On chanta naguère dans le salon d’une ambassadrice où je me souviens d’avoir vu le cher Albert Vandal, qui n’était pas grand clerc en musique, s’émouvoir aux accents de Tristan. Dans le salon d’un homme de finance on donnait également à chanter. La Krauss y fut admirable en des fragments d’Armide. C’est là qu’une fois, une seule, je rencontrai le grand, le mélodieux écrivain qu’on peut bien nommer à propos de musique, Ernest Renan. Il trônait dans un large fauteuil. La musique ayant fait silence, de jeunes et belles dames l’entouraient. Avec des mines effarouchées, avec des airs d’inquiétude, presque d’angoisse, elles le suppliaient de leur dire si vraiment, dans l’ordre intellectuel et moral, il n’existait aucune certitude, pas un seul point fixe où leur esprit, leur âme surtout (animula blandula, vagula), put enfin se prendre et se fixer. « Mon Dieu, » leur répondit en souriant le doux maître, — et rien que ce « Mon Dieu » m’étonna comme une involontaire, inconsciente affirmation, — « Mon Dieu, Mesdames, dans l’état actuel de la connaissance, il y aurait peut-être quelque chance pour qu’une chose fût, ou tout au moins parût, je ne dirai point certaine, mais assez probable. — Et laquelle ? — C’est que Monaco fut d’abord une colonie phénicienne.
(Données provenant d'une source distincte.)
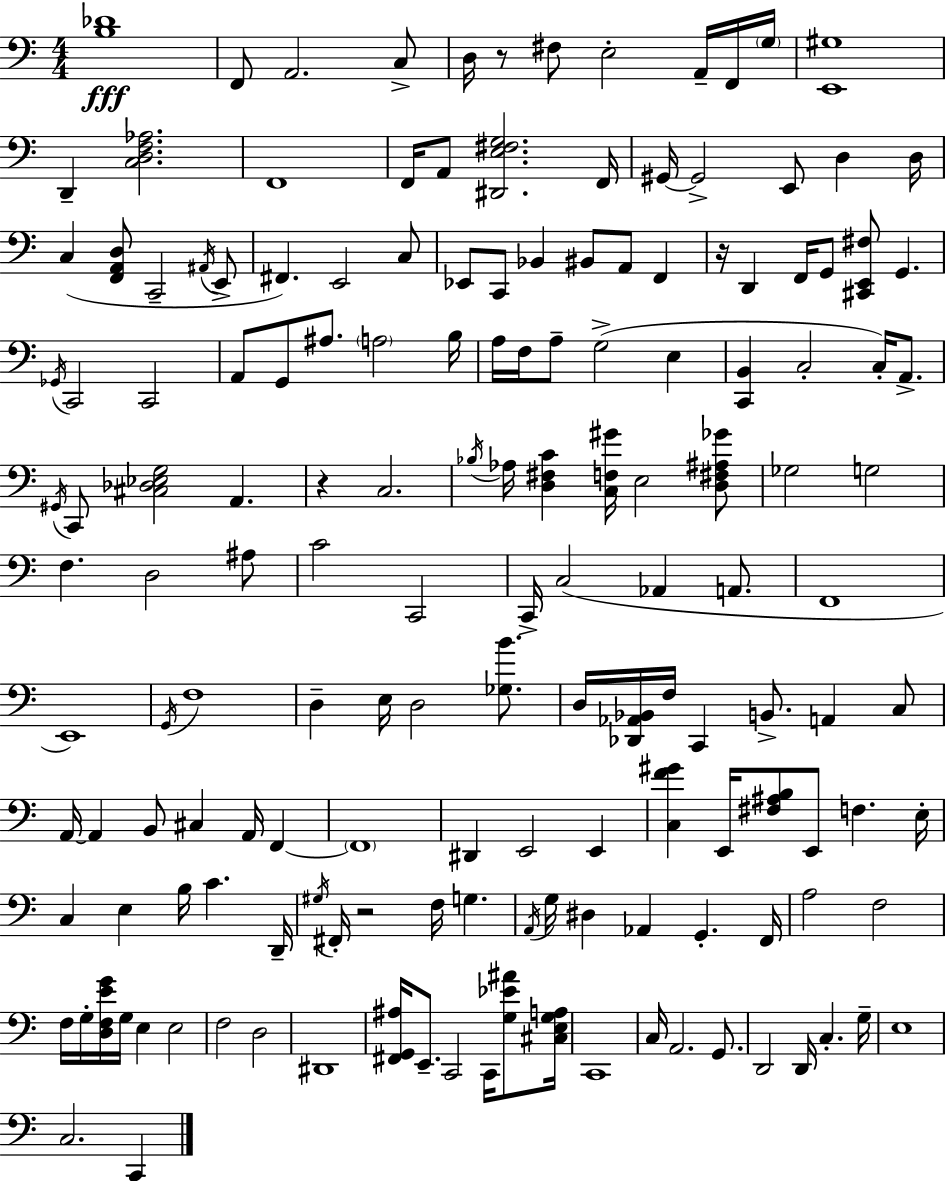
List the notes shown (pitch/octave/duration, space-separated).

[B3,Db4]/w F2/e A2/h. C3/e D3/s R/e F#3/e E3/h A2/s F2/s G3/s [E2,G#3]/w D2/q [C3,D3,F3,Ab3]/h. F2/w F2/s A2/e [D#2,E3,F#3,G3]/h. F2/s G#2/s G#2/h E2/e D3/q D3/s C3/q [F2,A2,D3]/e C2/h A#2/s E2/e F#2/q. E2/h C3/e Eb2/e C2/e Bb2/q BIS2/e A2/e F2/q R/s D2/q F2/s G2/e [C#2,E2,F#3]/e G2/q. Gb2/s C2/h C2/h A2/e G2/e A#3/e. A3/h B3/s A3/s F3/s A3/e G3/h E3/q [C2,B2]/q C3/h C3/s A2/e. G#2/s C2/e [C#3,Db3,Eb3,G3]/h A2/q. R/q C3/h. Bb3/s Ab3/s [D3,F#3,C4]/q [C3,F3,G#4]/s E3/h [D3,F#3,A#3,Gb4]/e Gb3/h G3/h F3/q. D3/h A#3/e C4/h C2/h C2/s C3/h Ab2/q A2/e. F2/w E2/w G2/s F3/w D3/q E3/s D3/h [Gb3,B4]/e. D3/s [Db2,Ab2,Bb2]/s F3/s C2/q B2/e. A2/q C3/e A2/s A2/q B2/e C#3/q A2/s F2/q F2/w D#2/q E2/h E2/q [C3,F4,G#4]/q E2/s [F#3,A#3,B3]/e E2/e F3/q. E3/s C3/q E3/q B3/s C4/q. D2/s G#3/s F#2/s R/h F3/s G3/q. A2/s G3/s D#3/q Ab2/q G2/q. F2/s A3/h F3/h F3/s G3/s [D3,F3,E4,G4]/s G3/s E3/q E3/h F3/h D3/h D#2/w [F#2,G2,A#3]/s E2/e. C2/h C2/s [G3,Eb4,A#4]/e [C#3,E3,G3,A3]/s C2/w C3/s A2/h. G2/e. D2/h D2/s C3/q. G3/s E3/w C3/h. C2/q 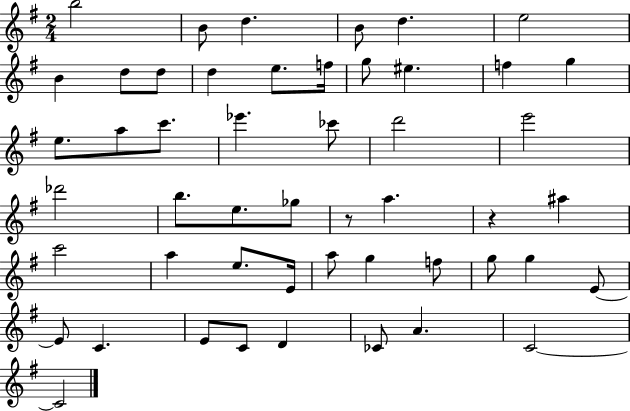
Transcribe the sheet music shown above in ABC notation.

X:1
T:Untitled
M:2/4
L:1/4
K:G
b2 B/2 d B/2 d e2 B d/2 d/2 d e/2 f/4 g/2 ^e f g e/2 a/2 c'/2 _e' _c'/2 d'2 e'2 _d'2 b/2 e/2 _g/2 z/2 a z ^a c'2 a e/2 E/4 a/2 g f/2 g/2 g E/2 E/2 C E/2 C/2 D _C/2 A C2 C2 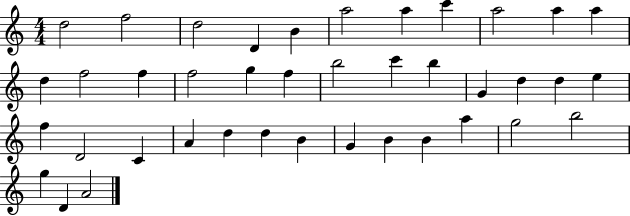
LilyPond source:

{
  \clef treble
  \numericTimeSignature
  \time 4/4
  \key c \major
  d''2 f''2 | d''2 d'4 b'4 | a''2 a''4 c'''4 | a''2 a''4 a''4 | \break d''4 f''2 f''4 | f''2 g''4 f''4 | b''2 c'''4 b''4 | g'4 d''4 d''4 e''4 | \break f''4 d'2 c'4 | a'4 d''4 d''4 b'4 | g'4 b'4 b'4 a''4 | g''2 b''2 | \break g''4 d'4 a'2 | \bar "|."
} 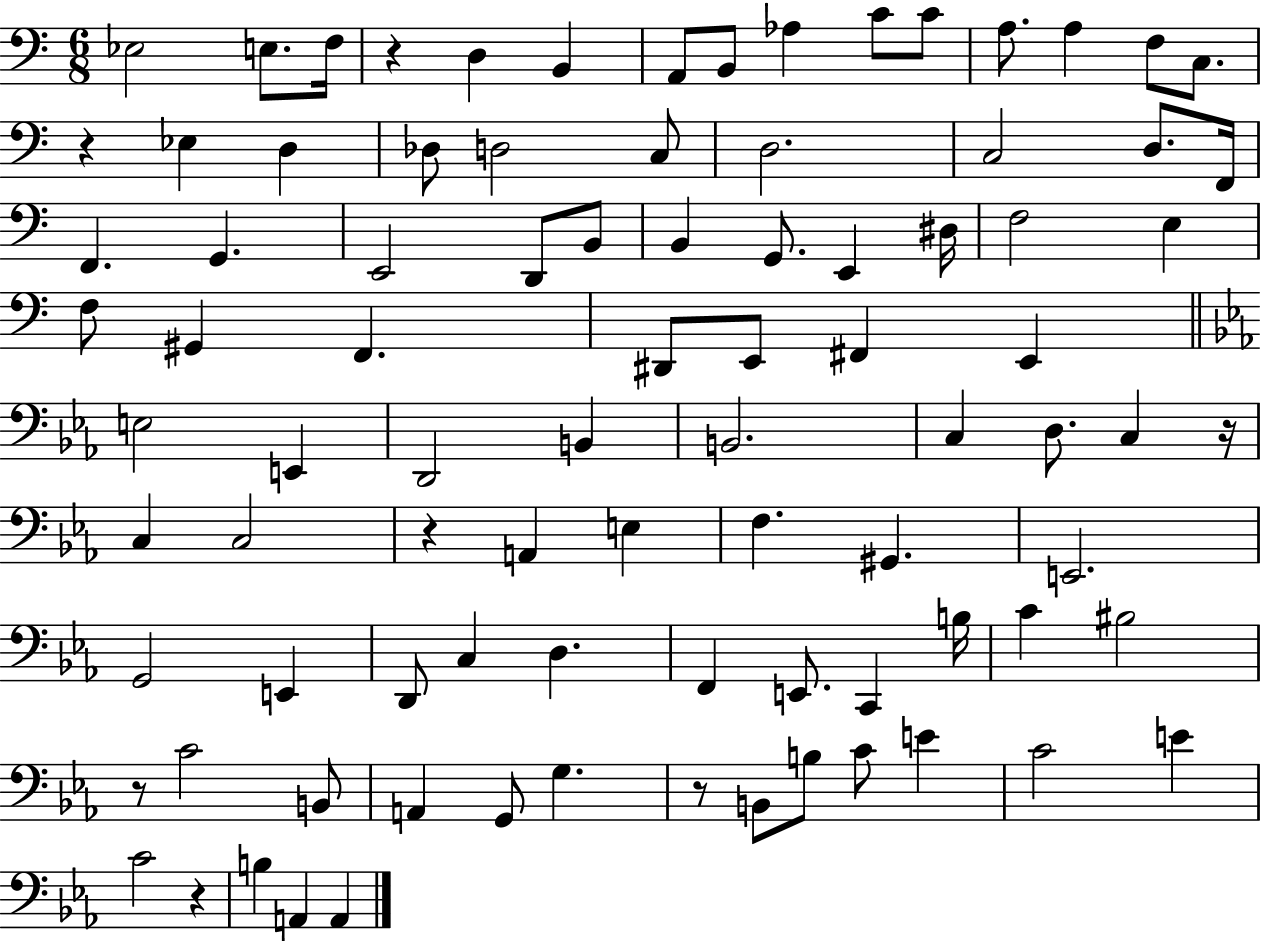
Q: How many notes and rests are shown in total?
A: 89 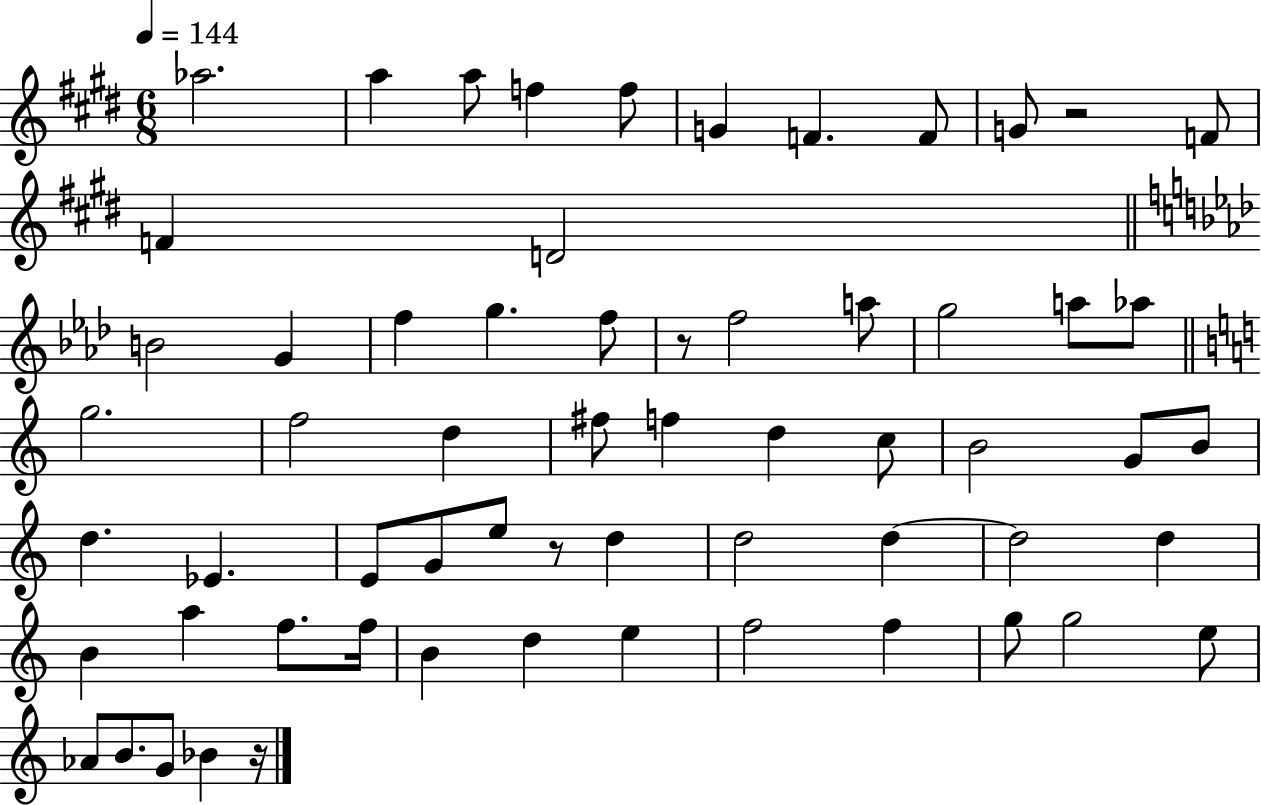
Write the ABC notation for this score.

X:1
T:Untitled
M:6/8
L:1/4
K:E
_a2 a a/2 f f/2 G F F/2 G/2 z2 F/2 F D2 B2 G f g f/2 z/2 f2 a/2 g2 a/2 _a/2 g2 f2 d ^f/2 f d c/2 B2 G/2 B/2 d _E E/2 G/2 e/2 z/2 d d2 d d2 d B a f/2 f/4 B d e f2 f g/2 g2 e/2 _A/2 B/2 G/2 _B z/4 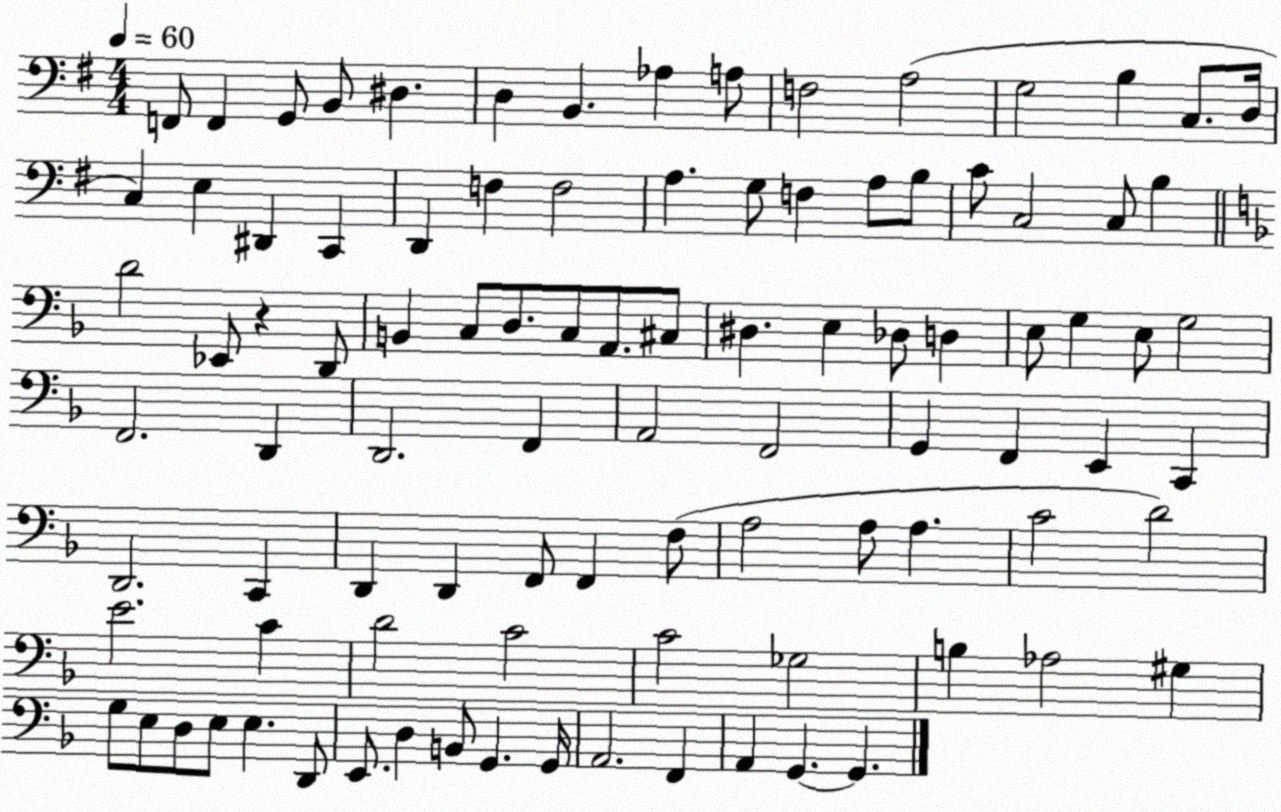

Oui : Hercule Monoikos, qui n’a qu’une demeure. » — Et là-dessus la musique, la vraie, recommença.

Plutôt qu’un salon, c’était presqu’un sanctuaire, intime et caché, qui s’ouvrait au rez-de-chaussée du castelet de Cabrières : une salle aux voûtes surbaissées mais élégantes, blanches d’une blancheur d’ivoire, avec des nervures nouées à leur sommet par une rosace d’or pâli. Des meubles anciens luisaient dans l’ombre : bahuts de bois noir, décorés aussi d’arabesques d’or, présents de noces jadis offerts à des aïeules depuis longtemps endormies dans le Seigneur. J’ai passé là plus d’un soir : soirs de Provence, d’été, de musique, sous le charme de mon hôte vénérable et délicieux. Quelle paix, quel repos j’ai trouvé près de vous, Éminence ! En vous, quel artiste et quel auditeur ! Souffrez que je n’écrive pas : quel élève ! comme il vous plaisait de le dire avec une malicieuse humilité. Bien vieux était votre piano, le piano maternel. Mais sa vieillesse gardait, ainsi que la vôtre, une exquise fraîcheur. Vous nous racontiez son passé lointain. Sous mes doigts il le racontait aussi, d’une autre manière. Il n’avait pas oublié les mélodies de son âge. Et les jeunes harmonies elles-mêmes, à lui, pas plus qu’à vous, ne faisaient peur. Il les traduisait et vous les compreniez. Souvent, trop souvent, il m’arriva naguère de jouer « dans le monde, » et de m’en repentir. Mais devant le Cardinal de Cabrières et pour lui, ce me fut un honneur, une joie, dont je ne perdrai jamais la mémoire.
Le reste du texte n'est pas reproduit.